▶ **Work instructions**
Exactly as they stand, copy the lines from the one containing "Омолаживающая сыворотка с" to the final line of the data; leave out the pictures.

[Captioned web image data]
———

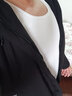 策息保暖背心男内衣马甲背心纯色加绒加厚冬季马甲打底无袖内衣保暖 白色+浅灰 4XL -建议160-180斤左右 实拍图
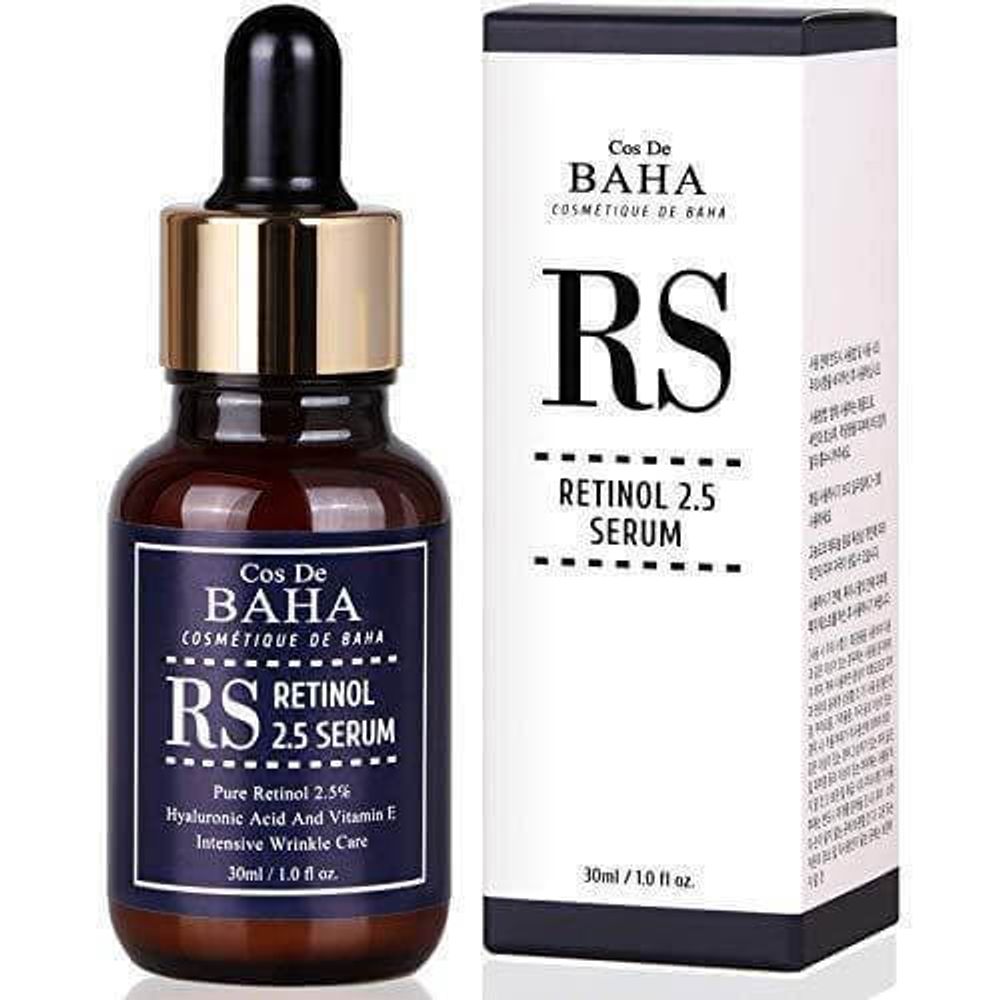 Омолаживающая сыворотка с ретинолом Cos De BAHA Retinol 2.5 serum RS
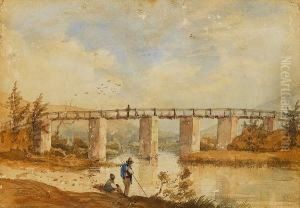 Bridge Over The River Zonder Einde, Genadendal by Thomas William Bowler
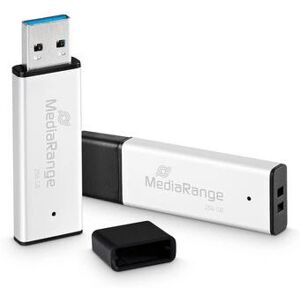 MediaRange MR1903 USB Flash Drive 256GB - USB 3.2 Gen 1 - Black, Silver MediaRange MR1903 USB Flash Drive 256GB - USB 3.2 Gen 1 - Black, Silver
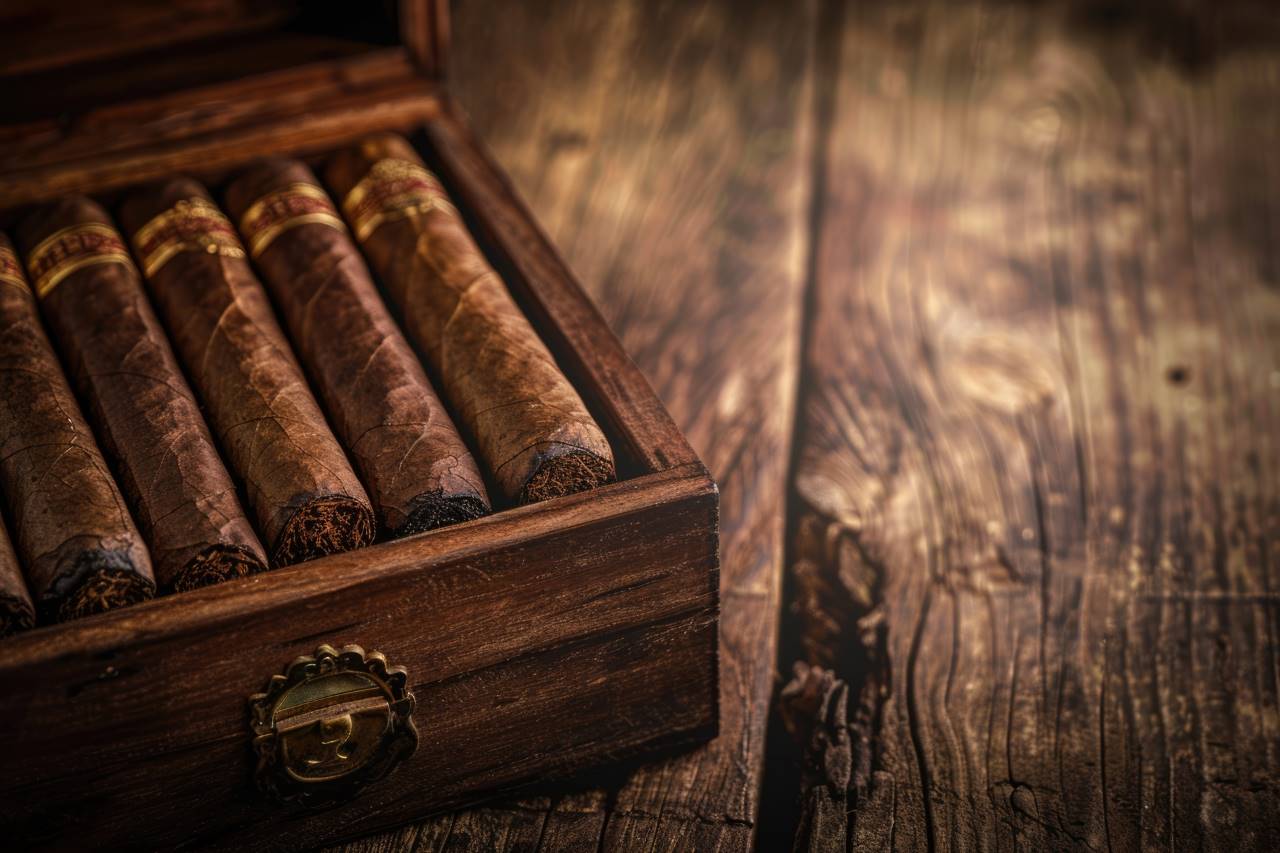 cigars in a wooden box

———

▶ **Result of the task**
 Омолаживающая сыворотка с ретинолом Cos De BAHA Retinol 2.5 serum RS
 Bridge Over The River Zonder Einde, Genadendal by Thomas William Bowler
 MediaRange MR1903 USB Flash Drive 256GB - USB 3.2 Gen 1 - Black, Silver MediaRange MR1903 USB Flash Drive 256GB - USB 3.2 Gen 1 - Black, Silver
 cigars in a wooden box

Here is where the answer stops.